* _Work task_: Using the data below, restate exactly every line from the one with "Người đẹp từng" up to and including the one with "El presidente de Mapfre, Antonio Huertas". No picture belongs in it.

* _Supplied information_:
BEGIN

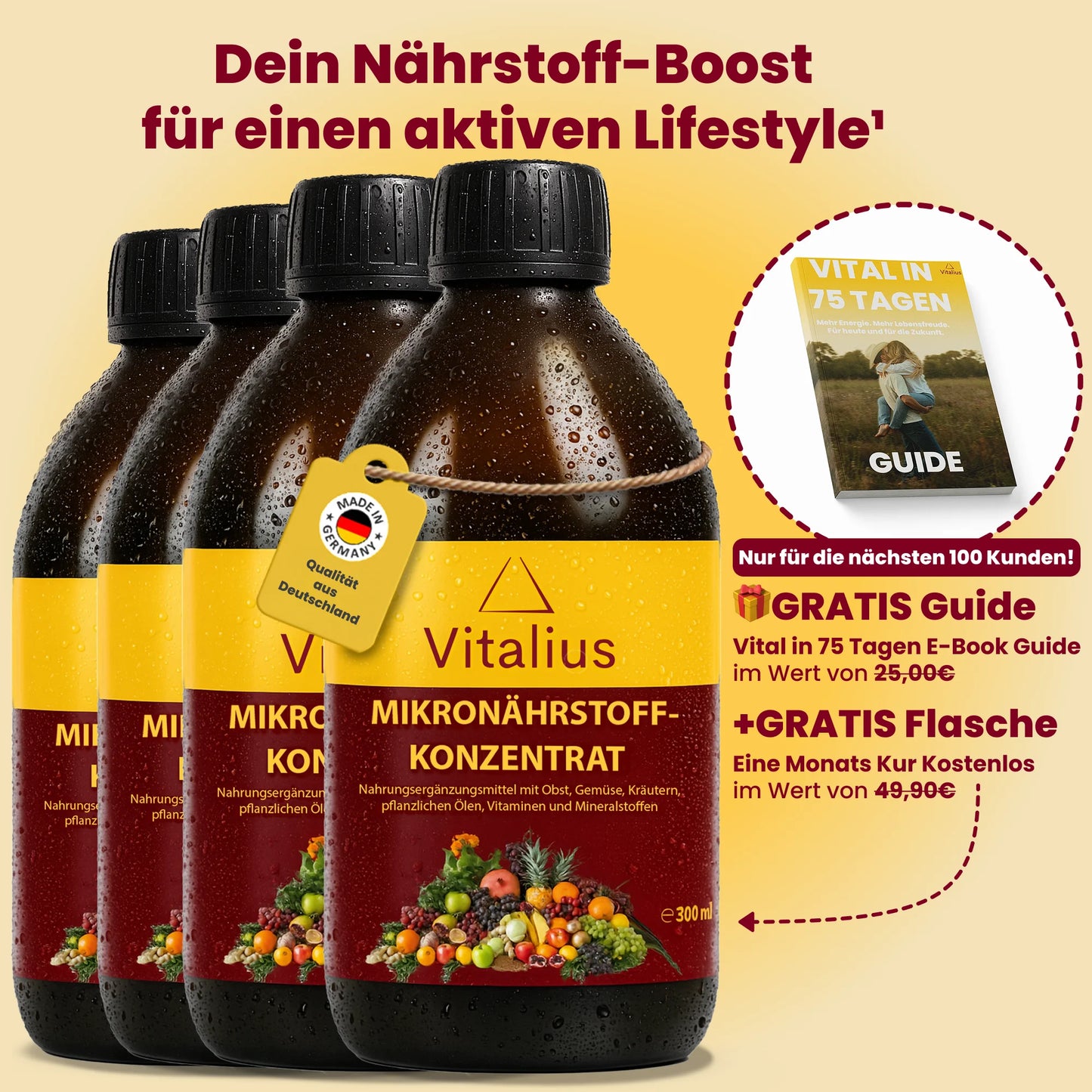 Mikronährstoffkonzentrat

END
BEGIN

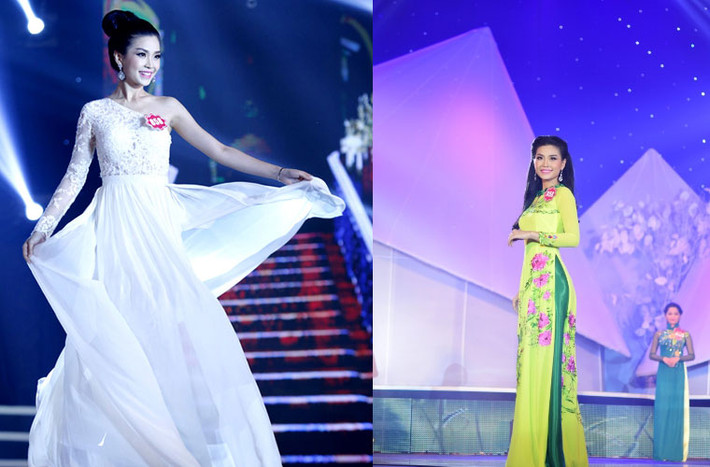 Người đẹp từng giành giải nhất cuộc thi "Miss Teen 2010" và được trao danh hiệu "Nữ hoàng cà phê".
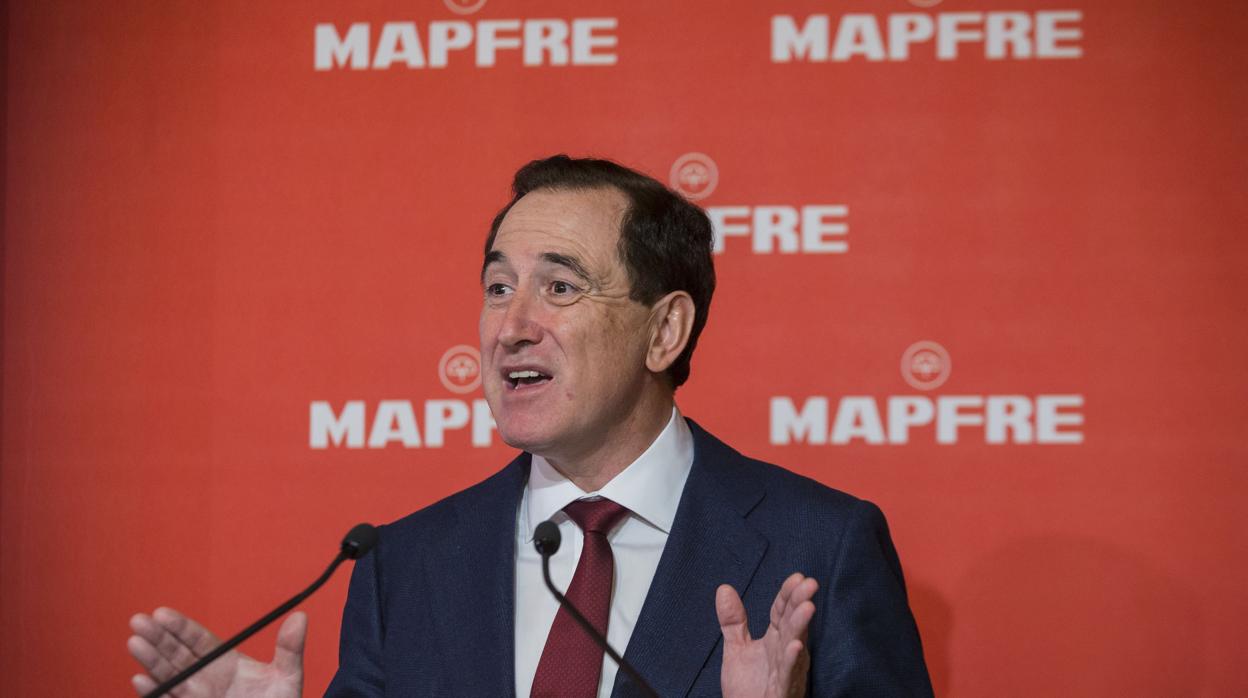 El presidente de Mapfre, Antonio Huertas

END

* _Solution to the exercise_:
 Người đẹp từng giành giải nhất cuộc thi "Miss Teen 2010" và được trao danh hiệu "Nữ hoàng cà phê".
 El presidente de Mapfre, Antonio Huertas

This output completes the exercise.